Level 1 Module 3 Self Assessment
Technical Area:
- Extracted more data from the forum (all the data from the whole forum; our group split the work, and then one person combined everything into one csv–’combined_csv.csv’ )
- Picked the important features from the dataframe stored in the CSV file
- Removed the ‘commenters,’ ‘views,’ and ‘author’ features.
- Cleaned the data by removing the punctuation, unnecessary numbers, removing stopwords, and lowercasing the text.
- Performed EDA on our data→ creating Word Clouds and Bigrams
- Extracted insights about our data through EDA.
- Split the data (80% training, 20% testing)
- Created classification models on our data with logistic regression, naive bayes, and decision tree.
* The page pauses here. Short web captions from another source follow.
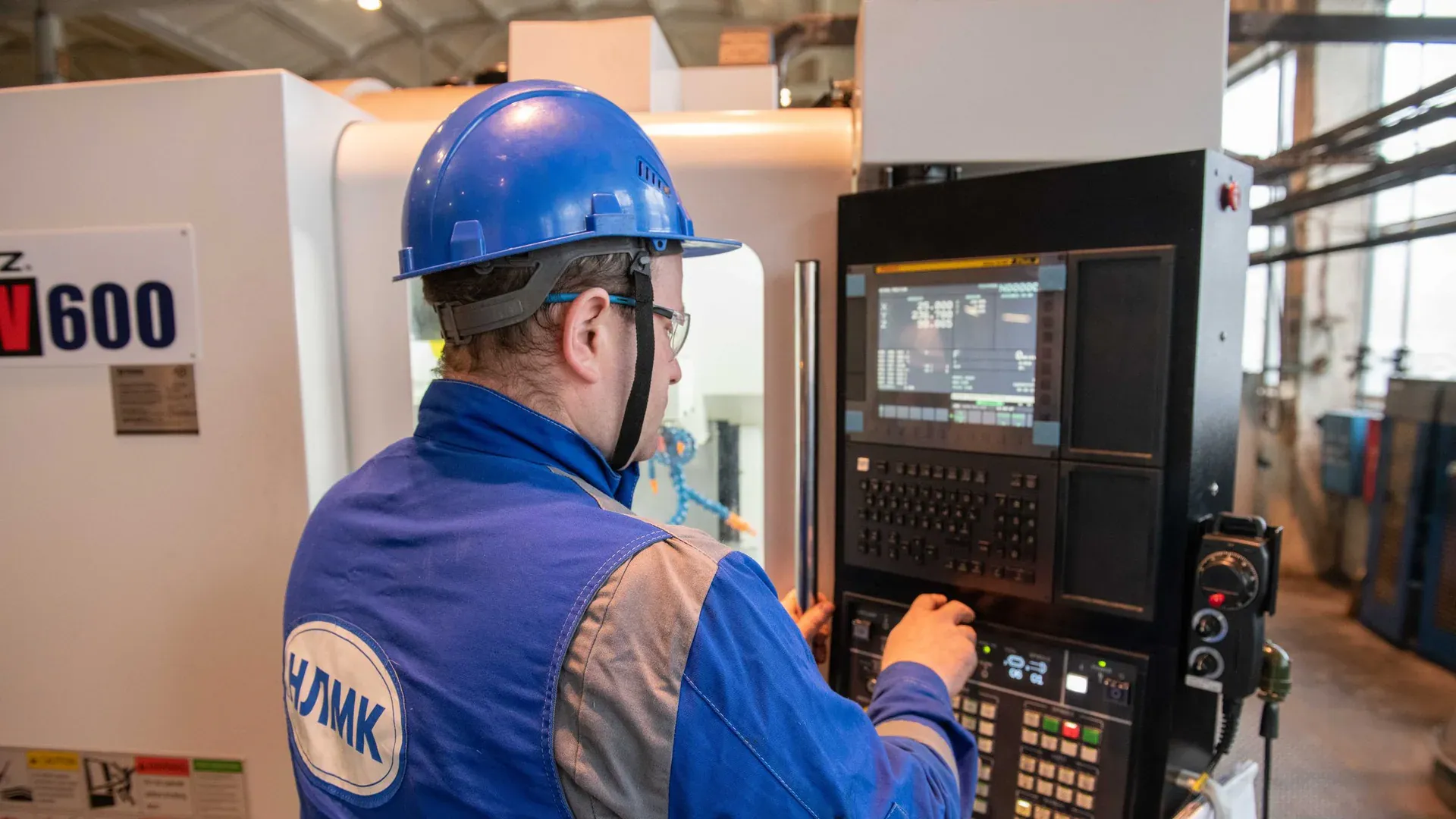 Machine operator working at a CNC control during a production time study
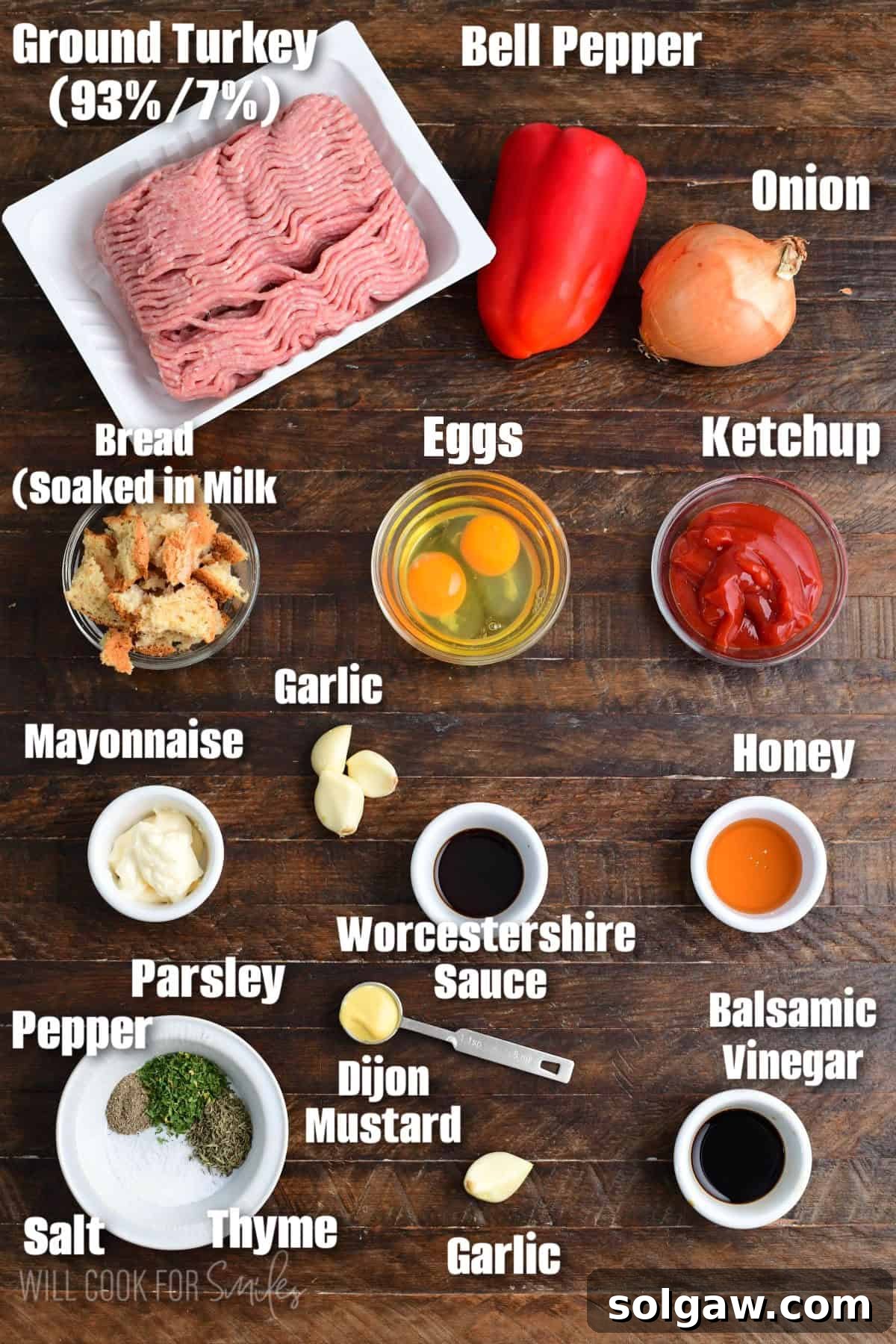 Labeled ingredients for turkey meatloaf on a wood surface.
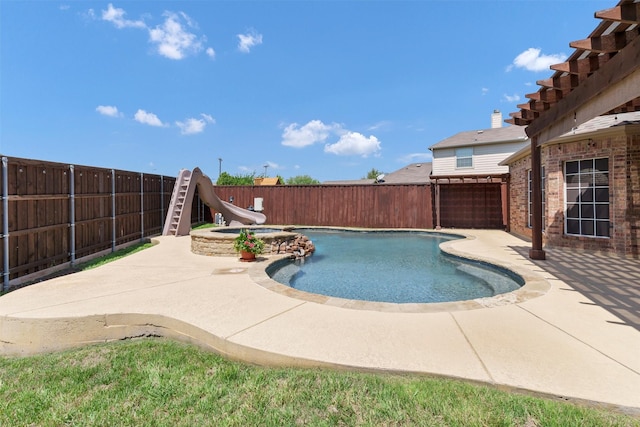 view of swimming pool with a patio, a pool with connected hot tub, a fenced backyard, and a water slide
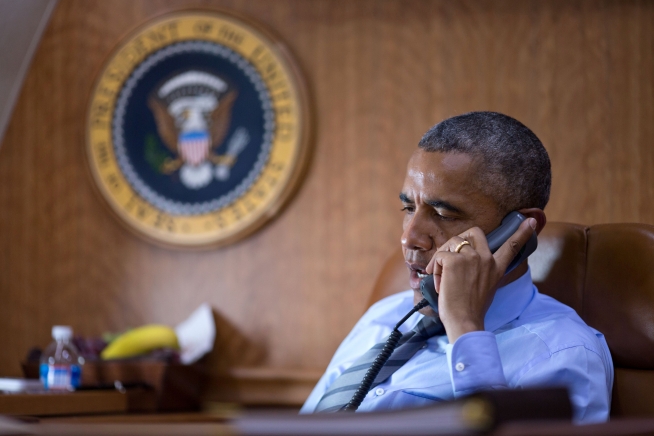 President Barack Obama talks on the phone aboard Air Force One with President Petro Poroshenko of Ukraine about the Malaysia Airlines plane crash in eastern Ukraine, July 17, 2014.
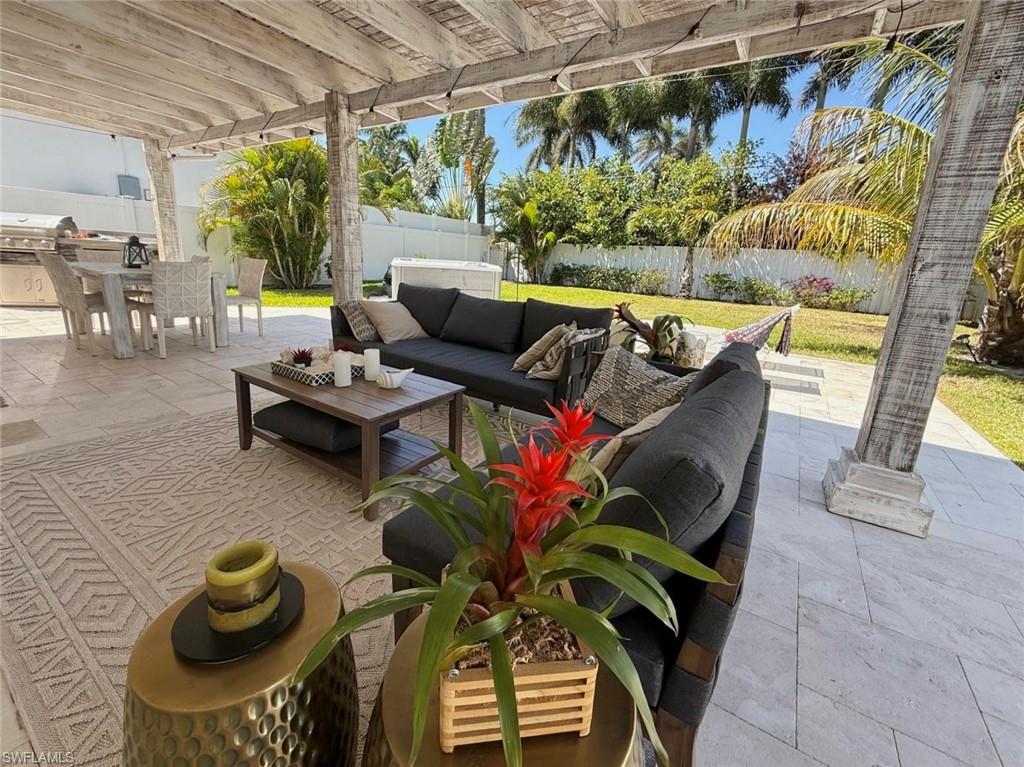 Fenced backyard with outdoor dining area, an outdoor hangout area, a patio, and grilling area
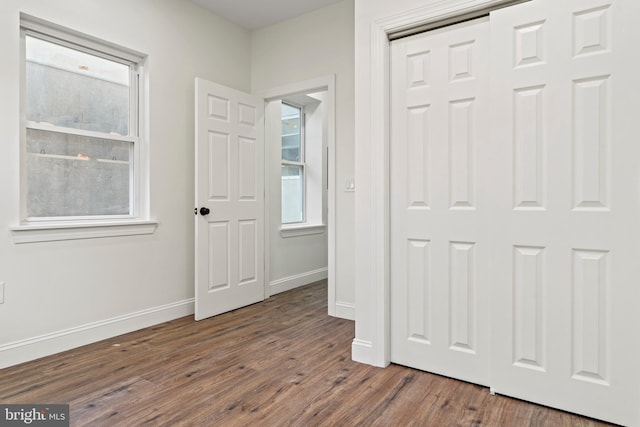 unfurnished bedroom with a closet, baseboards, and wood finished floors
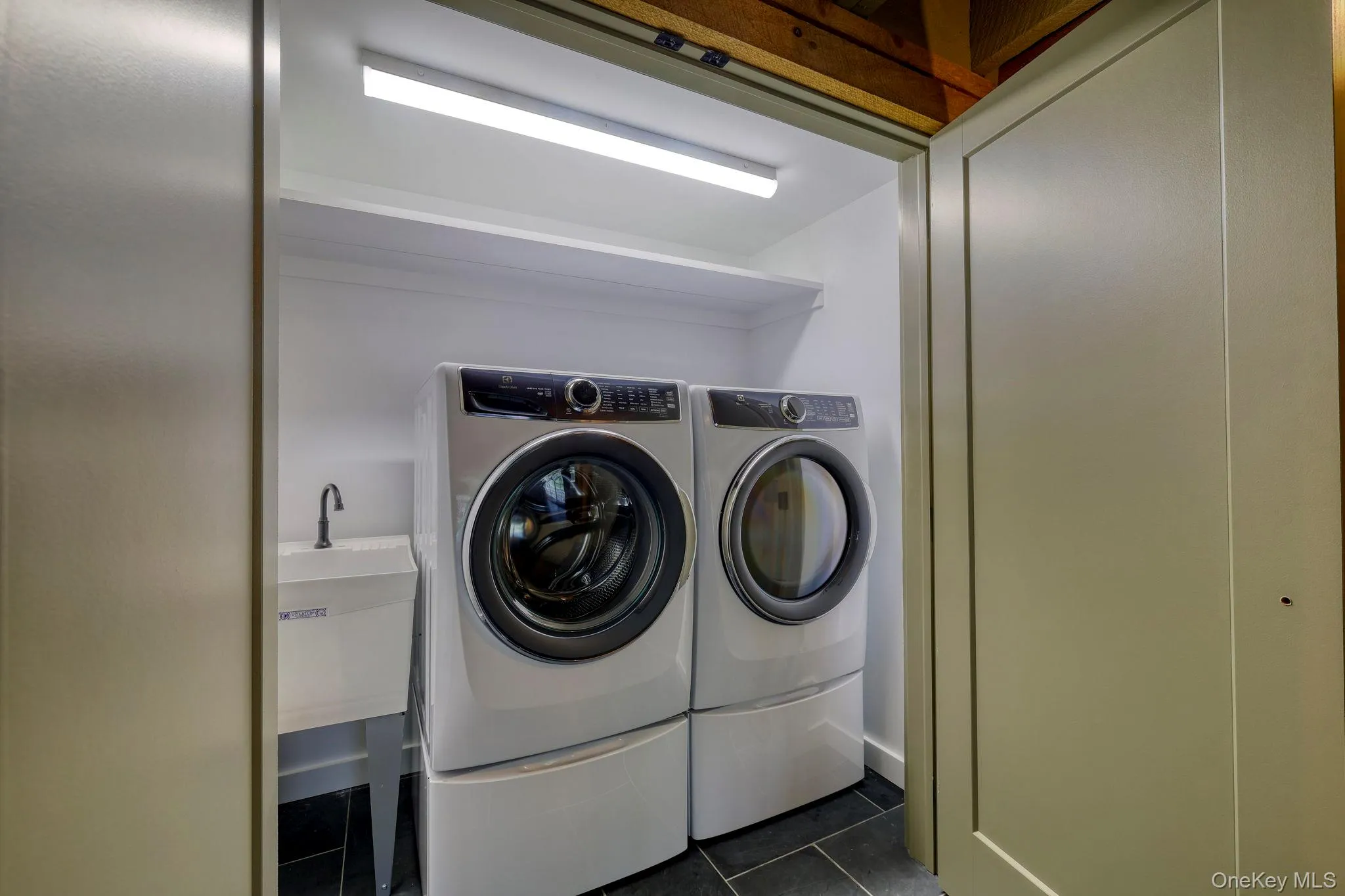 Laundry room featuring dark tile patterned floors and separate washer and dryer Laundry room featuring dark tile patterned floors and separate washer and dryer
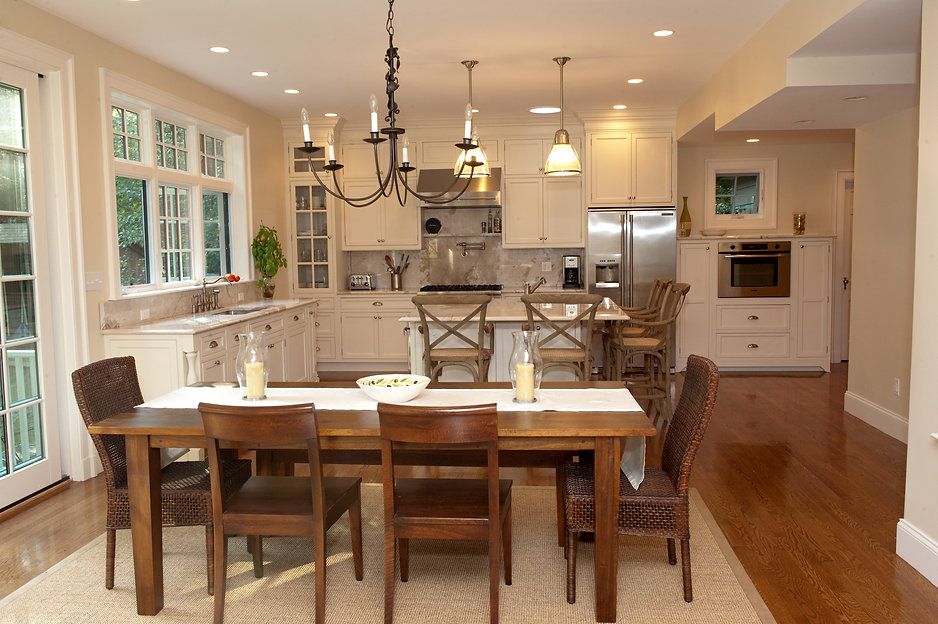 Dining area with wooden table and chairs, open to a kitchen. Light-filled room with neutral tones and modern appliances.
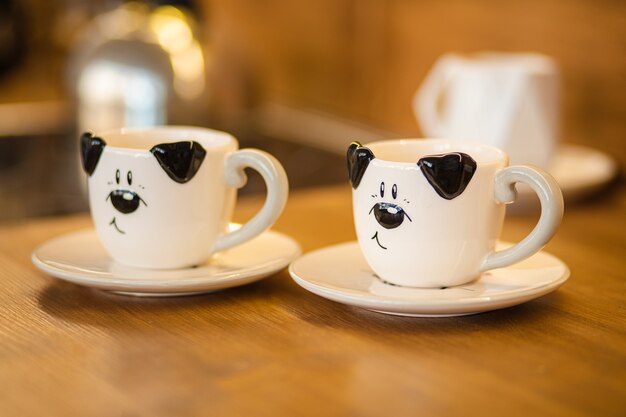 Free photo close-up picture of two black and white cups with dog picture on they is on the brown table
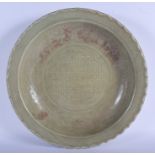 A 17TH/18TH CENTURY CHINESE CELADON SCALLOPED BARBED DISH Ming/Qing. 41 cm wide.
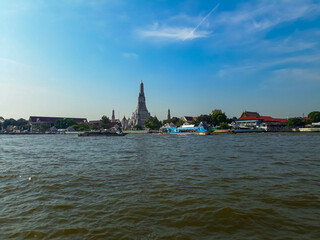 Fototapeta premium Riverside Temple with Traditional Architecture and Boats on the Water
- Calculated precision, recall, and f-1 score for each model.
- Logistic regression had the best outcome.
Tools:
- Visual Studio Code
- Python Packages (Numpy, NLTK, sklearn,…)
- Youtube (for tutorials)
Soft Skills:
- Remove certain columns from a dataframe. (cleaning the data)
- Removing stop words and punctuations from the text data.
- Getting insights from the data by performing EDA.
- training / testing the model which would predict the certain category a post belongs to.
- Fixing bugs in my code and asking my team members for help.
Achievements:
- Cleaning the data and removing unnecessary information.
- Changing dataset by removing some features.
- Successfully performing EDA on the model, and grabbing important insights about the data.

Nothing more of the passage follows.